The subject of how gambling and ‘problem gambling’ prevalence rates are estimated may be a rather nerdy one; but the outputs are central to policy debate. The trend towards regulators setting very low thresholds for what they consider acceptable consumer behaviour (including judgements on how much of their own money adults should be permitted to spend) ought to be a matter of grave concern.
Global: gaming – in-the-box thinking
Nintendo, PlayStation and Xbox, the companies behind the three largest gaming consoles, have published shared safety principles this week. It is a rare and welcome display of unity between companies which have, historically, been reluctant to cooperate. The ‘shared safety principles’ are split into three categories: Prevention, Partnership and Responsibility. Each outlines the companies’ commitments to safeguarding players (especially younger) through cooperation and tools available on each console/platform.
While shared commitment from three notable names is a step in the right direction, it is unlikely that much will change in the short-term. ESRB and PEGI ratings continue to be ill-enforced, or outright ignored, and policing harassment and ‘in-game’ toxicity will not be stopped through having greater information share (the problem has been of long-standing, and controlling people’s behaviour in an online environment is far from easy).

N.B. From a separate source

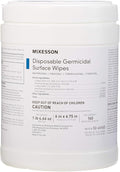 McKesson Germicidal Surface Wipes Pre-Moistened Alcohol Cleaning Wipes for Hard Surfaces Non-Woven Cloth - 6 in x 6 3/4 in 160 Wipes 1 Pack 1 Count (Pack of 160)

Further, the platform owner (Xbox, PlayStation and Switch) is only one cog in the overall gaming mechanism; publishers and developers also hold significant power and without more wide-reaching cooperation which captures more of the production value-chain, exposure to potential harms from gaming will remain constant.
Given the global nature of gaming, regulation on a granular level is challenging – and the evermore prevalent micro-transaction monetisation model posits larger potential exposure to harm. Nintendo, Xbox and PlayStation have always had their rules and requirements published – the shared commitment will not see much change in the immediate future as people will still gloss over or simply not read them (how many adults never mind children read full T&Cs?).

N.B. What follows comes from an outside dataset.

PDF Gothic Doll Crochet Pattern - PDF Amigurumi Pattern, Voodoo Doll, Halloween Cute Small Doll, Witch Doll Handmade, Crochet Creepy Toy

The new PS5 has been sold out since launch – similar to the new Xbox, and Christmas is the most popular time for children to receive new consoles. What is therefore critical for both consumer wellbeing and staving off legislative intervention is that these commitments are the start of something meaningful rather than a PR firewall. In all probability, both motives are likely to be present currently – only one will work, in our view.
A useful next stage of collaboration would be considering all online environments where addictive and dangerous behaviour can be present: from gambling, through gaming to online shopping. With many of the underlying problems shared, combined resources and a global view could go a long way to effective mitigation. Ironically, each sector often sees its own consumer-facing differences as a form of defence; but with a nod to PR (and effective policy management), a truly broad view on online harms would go a long way to halt the public health lobby’s tried and tested approach of ‘divide and conquer’.